Anyhow, I'm working on fixing this, and I will let you know when the
DAGMan-level check for NFS log files is in place, too.

Kent Wenger
Condor Team

===========================================================================
Date mail was appended: Wed Jul 26 14:54:35 2006 (1153943675)
Date: Wed, 26 Jul 2006 21:52:04 -0700
From: Stuart Anderson <anderson__AT__ligo.caltech.edu>
To: condor-support response tracking system <condor-support__AT__cs.wisc.edu>
CC: espinoza_e__AT__ligo.caltech.edu, duncan__AT__gravity.phys.uwm.edu
Subject: Re: [condor-support #1658] LIGO problem with condor_run 6.8.0

On Wed, Jul 26, 2006 at 09:34:33AM -0600, condor-support response tracking system wrote:
> >
> > I believe it was LIGO that asked for this NFS warning message, and that it
> > be escalated to a fatal error condition in a future versin of Condor,
> > however, I thought the concern (and hence the warning/fatal error) only
> > applied to dagman?
> >
> > Is there an NFS file locking problem with all condor log files?
> 
> Yes, it's just that the errors don't always show up unless something is
> trying to read the log file(s), and DAGMan is pretty much the only thing
> (that we know of, anyhow) that tries to read the log files.

Sorry to be pedantic, but are you saying you have seen problems with
non-dagman Condor jobs that write their logs to NFS mounts even when
there are _no_ processes trying to read the log file?

> 
> > At any rate, the convesion of all WARNING messages to abort(...write permission)
> > should probably be fixed.
> 
> Okay, it sounds like there are several issues here:
> 
> 1. Should a plain condor_submit generate this warning?
> 2. If condor_submit does generate a warning, condor_run should recoginize
>    that it's a warning, not a fatal error.
> 3. If condor_submit does generate a warning, condor_run should pass along
>    the warning message instead of printing a misleading message.
> 4. Such a warning from condor_submit will goof up DAGMan.
> 5. The check is not yet in DAGMan itself.
> 
> #1: I think it *does* make sense for condor_submit to generate the
> warning.

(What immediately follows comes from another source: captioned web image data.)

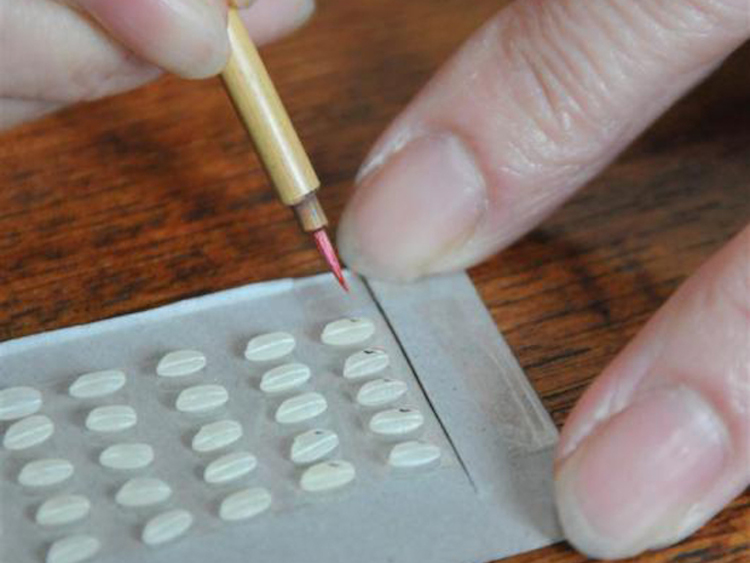 750x563 Rice Art! Japan Info - Rice Grain Painting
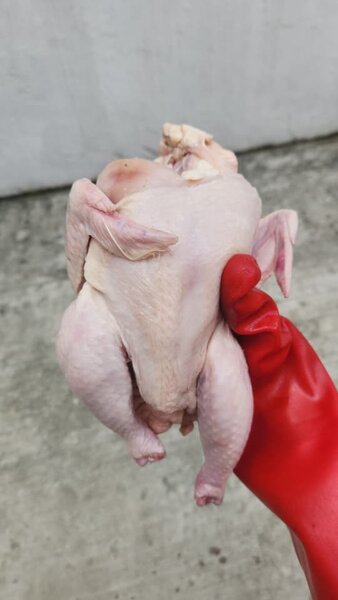 Poulet de chair 1,6-1,8 kg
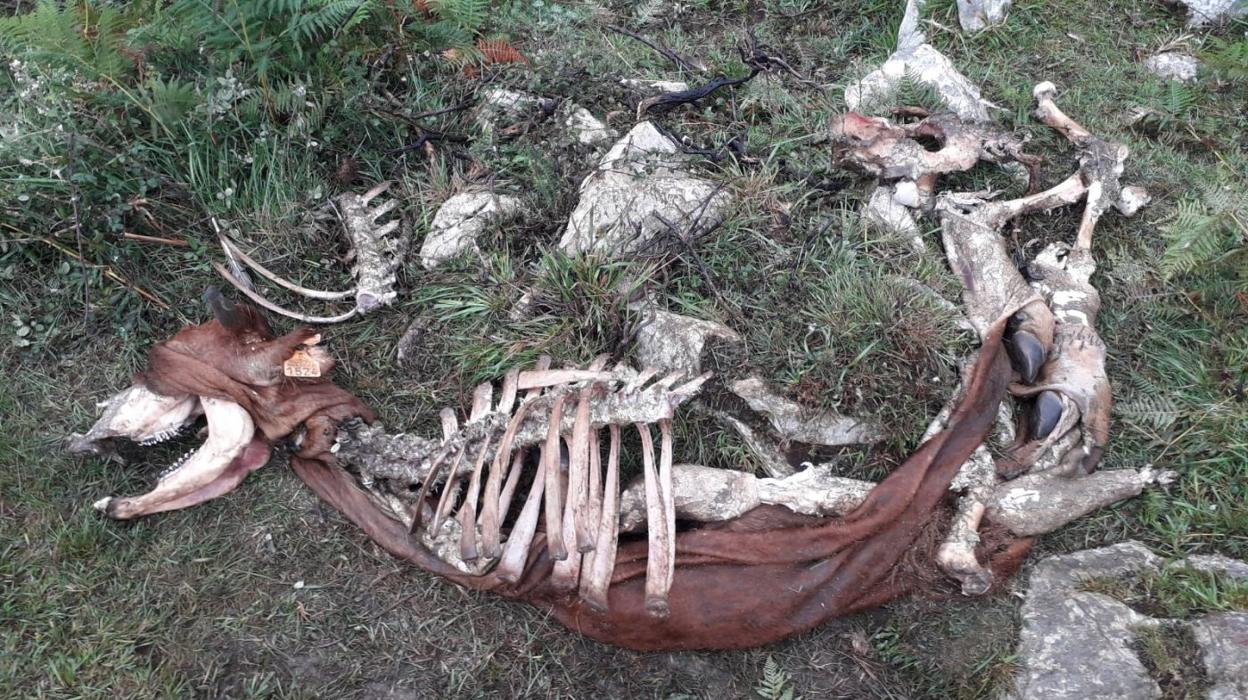 Cadáver de una res de vacuno hallada en el concejo de Peñamellera Baja. 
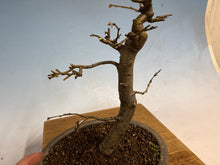 Load image into Gallery viewer, Chinese Quince 006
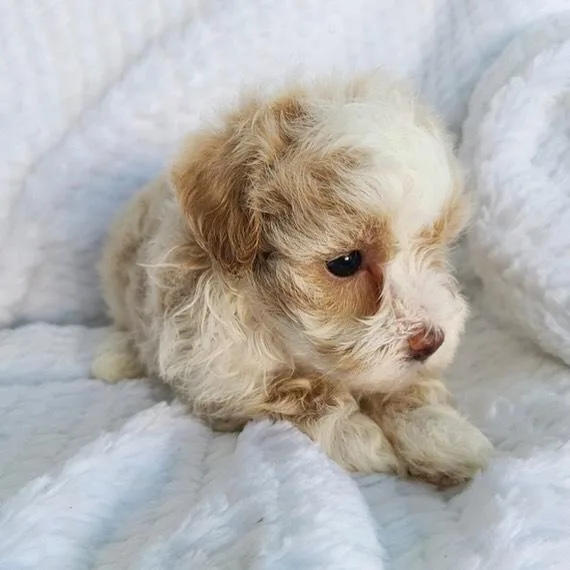 Miniature Maltipoo Puppies Available1(727)859 -1758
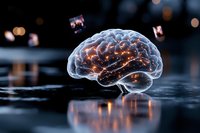Glowing translucent brain with neural connections floating above reflective surface against dark background with bokeh lights, representing artificial intelligence and consciousness.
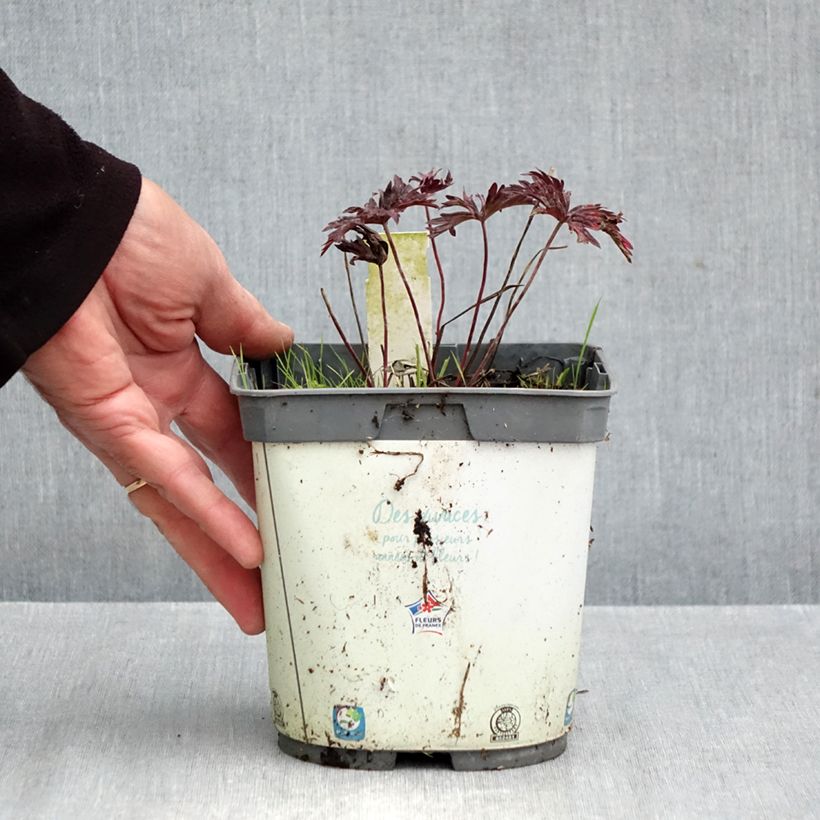 Spécimen de Géranium vivace pratense Hocus Pocus Pot de 2L/3L tel que livré en automne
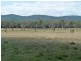 82-126 Morgans Road, Purga QLD 4306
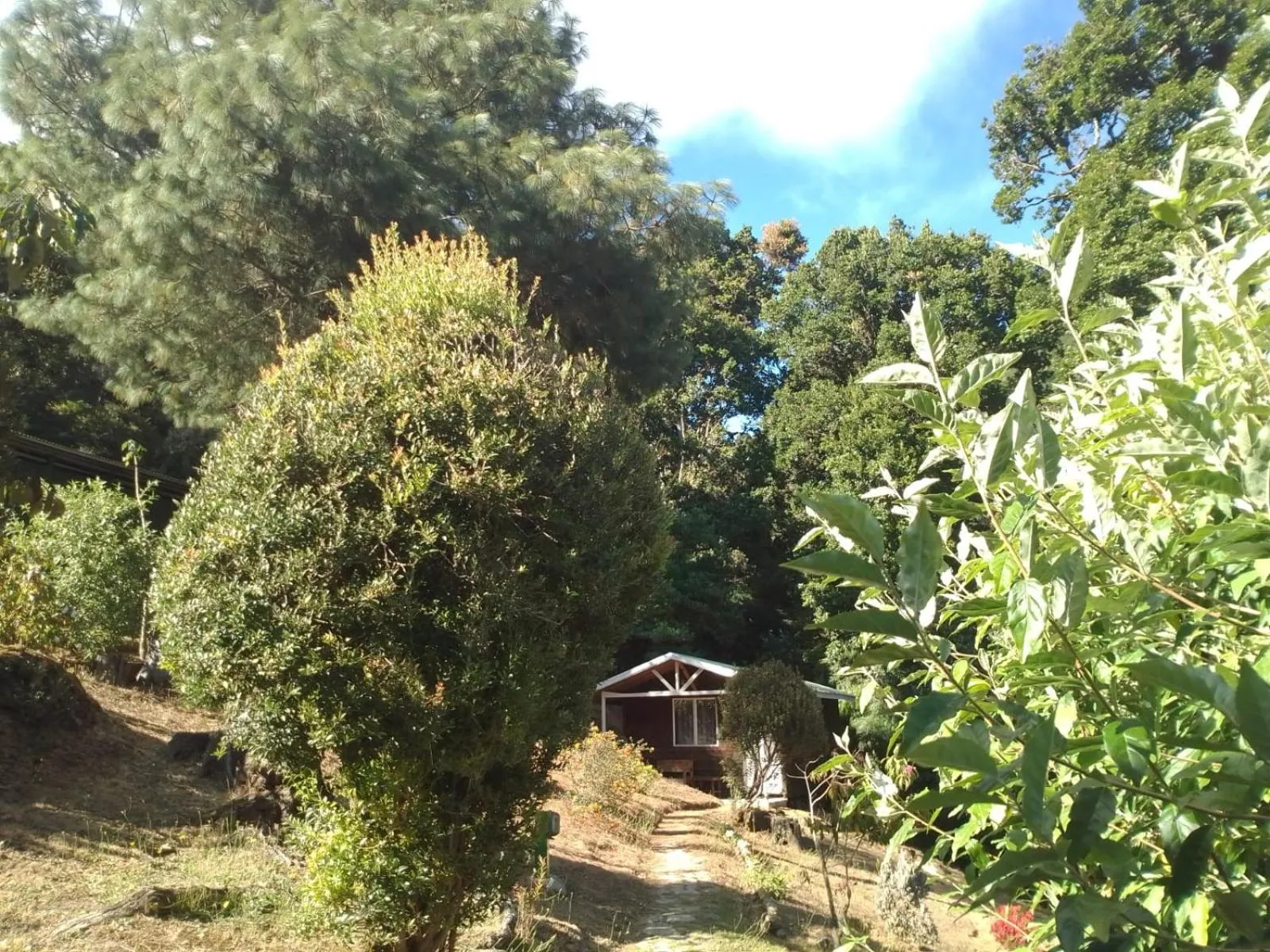 Miriam'S Quetzals lodge
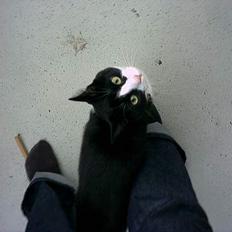 Blanding af racer "Amalie"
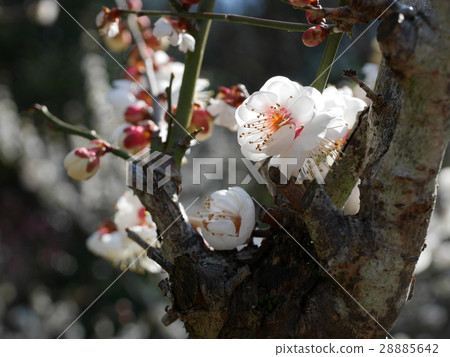 Plum blossoms and plum trees (micro) 28885642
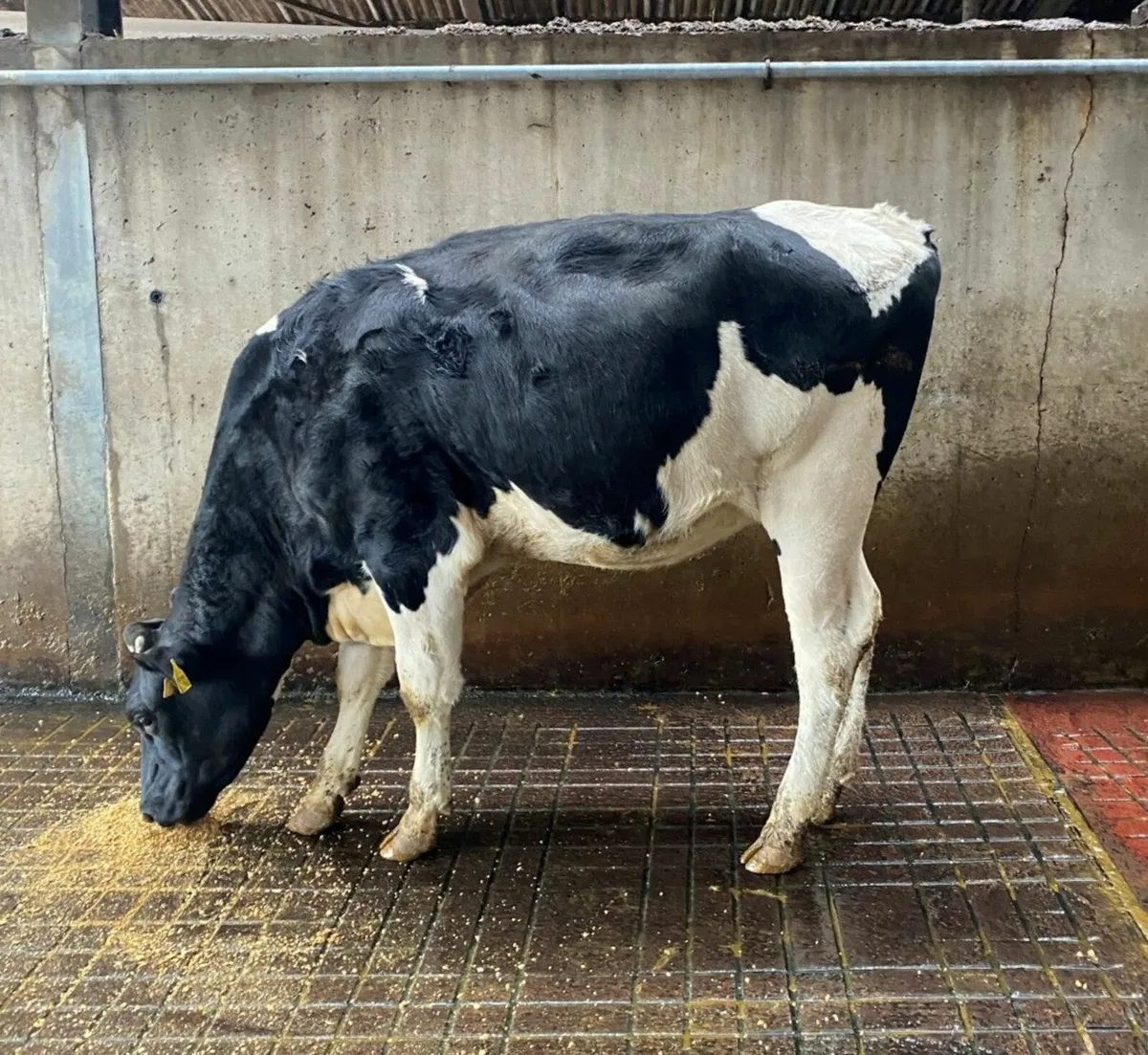 Holstein- Clondrohid Online Heifer sale - Image 1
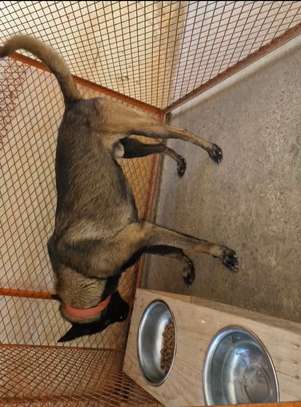 Berger malinois image 2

I tend to think that, for a plain condor_submit, it shouldn't be
> a fatal error, though (assuming we have DAGMan generate a fatal error in
> this case).

I agree on both counts. Is the DAGMan work to make this optionally a
fatal error going to be allowed in the stable 6.8.x branch?

> 
> At this point, there's no way to turn off the warning from condor_submit,
> which is probably not good.

If there are NFS client/server implementations out there that have been
demonstrated to robustly perform the file locking that Condor needs then
I agree there should be another knob to disable this warning.

> 
> #2 and #3: Condor_run obviously has to be changed to deal with warnings
> from condor_submit better.

Agreed.

> 
> #4 is kind of good and bad -- it does mean that DAGMan should fail if
> you have log files on NFS.  But instead of getting the failure right
> at the beginning when it checks the log files, you'll get the failure
> when DAGMan tries to submit the offending job.  The other problem is that
> if there's some *other* warning from condor_submit that we don't want to
> be fatal, it will still goof things up.  We already have a PR (711) on
> this one.

I understand from a follow up email that this is not the case and that
it is being fixed to do the "right thing".

> 
> #5: this should be fixed within a day or two.

Fantastic.

> 
> Let me know if you disagree with any of the above...
> 

I think we are in complete agreement. My only remaining question is the
schedule for getting these fixes and changes released, e.g., will they
all be able to make 6.8.1?

Thanks.

-- 
Stuart Anderson  anderson__AT__ligo.caltech.edu
http://www.ligo.caltech.edu/~anderson

===========================================================================
Date mail was appended: Wed Jul 26 23:59:51 2006 (1153976392)
Date: Fri, 28 Jul 2006 10:11:48 -0500 (CDT)
From: "R. Kent Wenger" <wenger__AT__cs.wisc.edu>
To: condor-support response tracking system <condor-support__AT__cs.wisc.edu>
CC: "R. Kent Wenger" <wenger__AT__cs.wisc.edu>
Subject: Re: [condor-support #1658] LIGO problem with condor_run 6.8.0

Stuart,

> Sorry to be pedantic, but are you saying you have seen problems with
> non-dagman Condor jobs that write their logs to NFS mounts even when
> there are _no_ processes trying to read the log file?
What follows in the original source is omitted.